Georgia's top agriculture officials on Tuesday defended the state's inspection process at a legislative hearing called to address the salmonella outbreak traced to a Georgia peanut processing plant.
The process came under fire after a state inspector found only minor problems when she probed the Blakely plant in October for less than two hours. Less than three months later, federal agents found roaches, mold, a leaking roof and other problems.
Terry Coleman, Georgia's deputy agriculture commissioner, told House lawmakers that no amount of regulation will deter people who are intent on violating state laws.

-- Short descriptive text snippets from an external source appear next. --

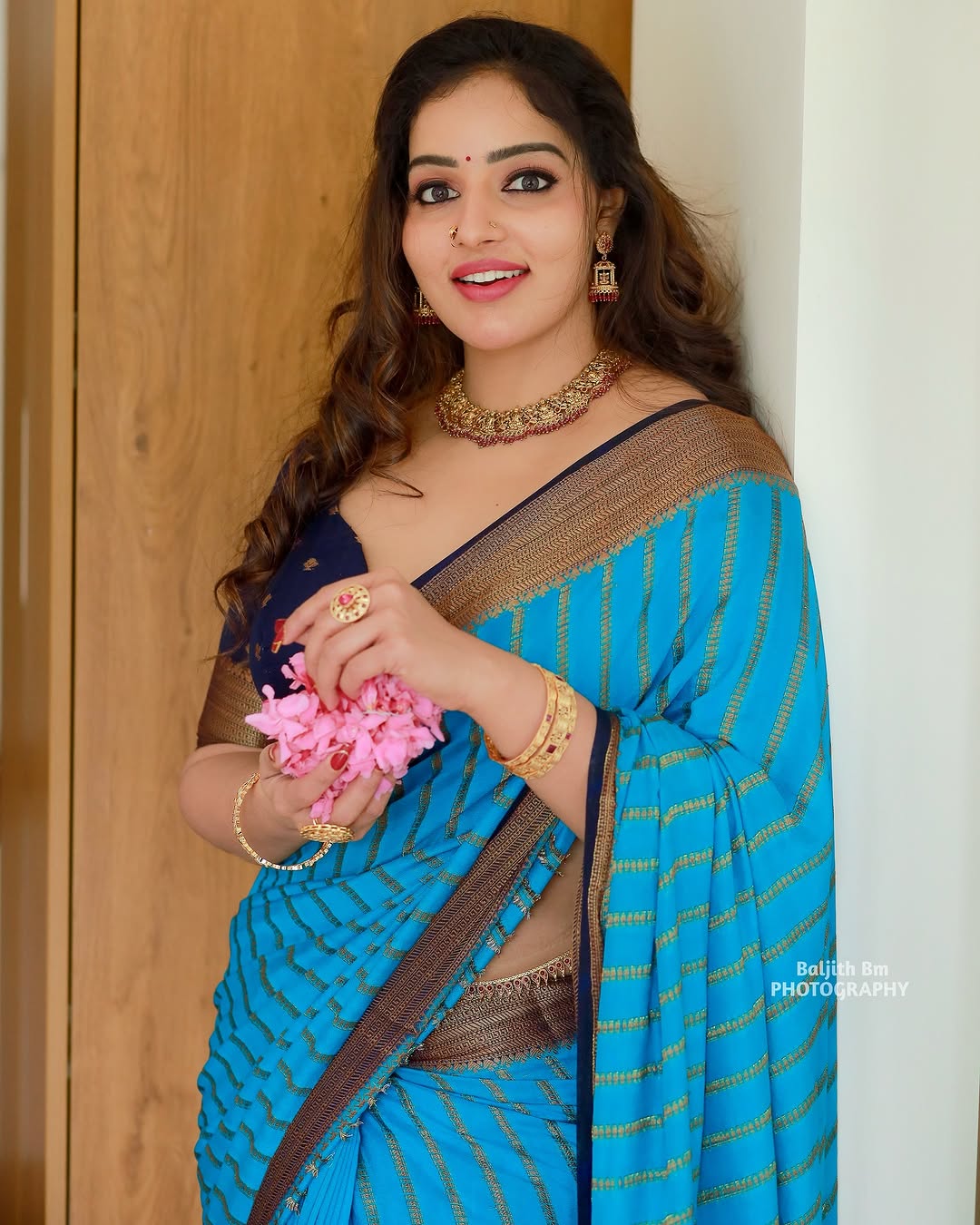 Malavika Menon exudes grace in a stunning turquoise-blue saree with golden accents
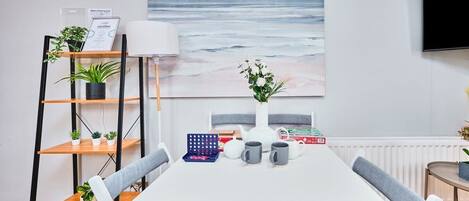 A modern dining area with a white table, grey upholstered chairs, a bookshelf with plants, a painting of the ocean, and a white radiator.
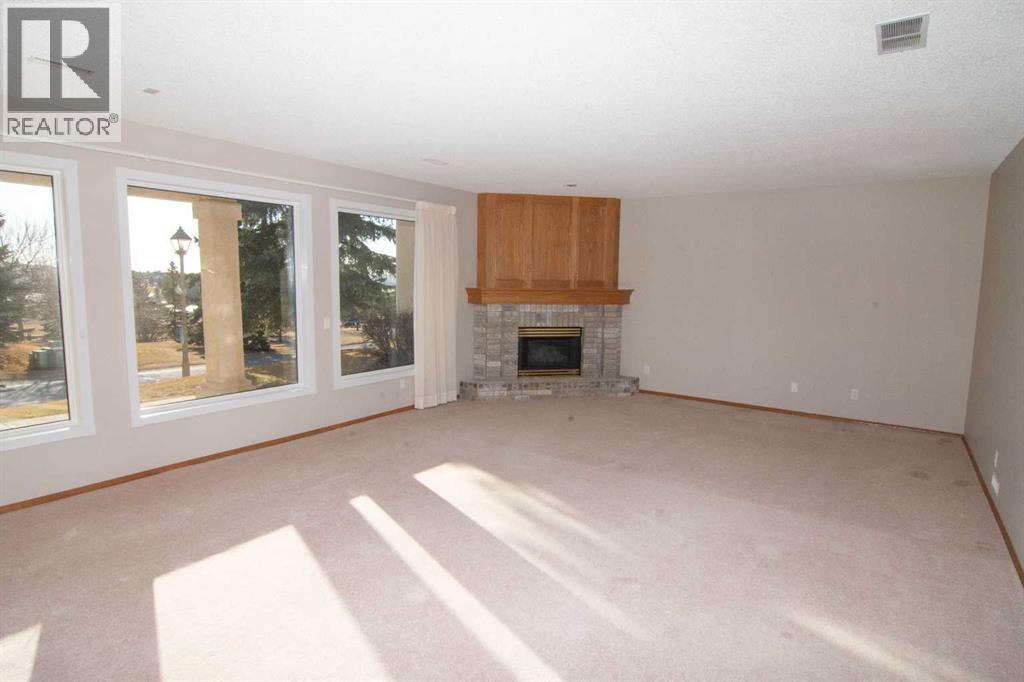 Family Room - 16 Eagleview Heights Nw, Cochrane, AB - Indoor Photo Showing Living Room With Fireplace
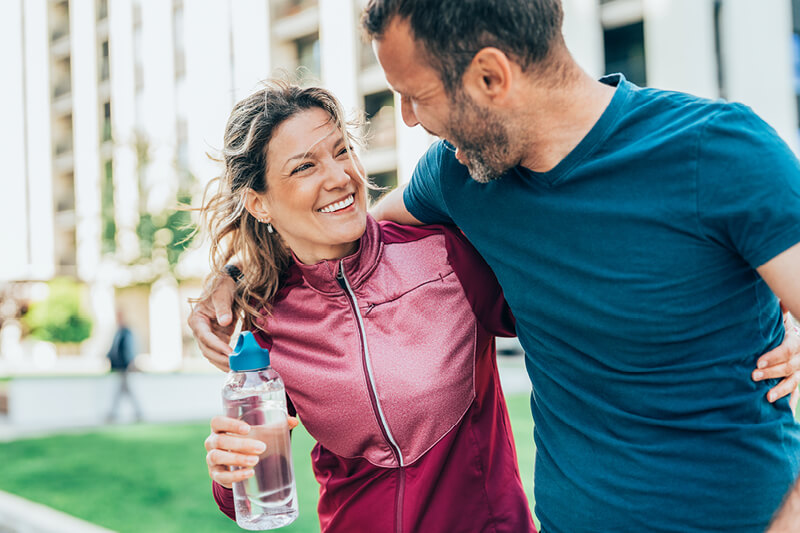 Man and woman with their arms around one another smiling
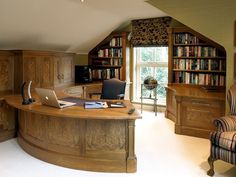 a desk with a laptop on top of it in front of a bookcase and chair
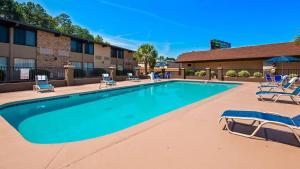una piscina con tumbonas y un hotel en Best Western Riverside Inn, en Macon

"If a person intends to break the rules, unless you have somebody standing
over that person from the time they get to work from the time they leave, there
is no way to prevent that," Mr. Coleman said. "And in this particular case we
believe that somebody in the plant intended to break the rules or break the
laws. All the inspections we could muster couldn't prevent that."
Still, lawmakers responded to the outbreak by passing legislation that would make Georgia the first state to require that food makers swiftly alert state inspectors if their internal tests show their products are tainted. That proposal is awaiting Gov. Sonny Perdue's signature.
Agriculture Commissioner Tommy Irvin said such legislation would have "been impossible to pass" before the outbreak.
The remarks came at a meeting of the House Consumer Protection Investigation and Oversight Subcommittee, whose members seemed to agree with Mr. Coleman's assessment.
"We had a bad apple there," said state Rep. Ellis Black, D-Valdosta. "And no amount of inspections is going to prevent a disaster."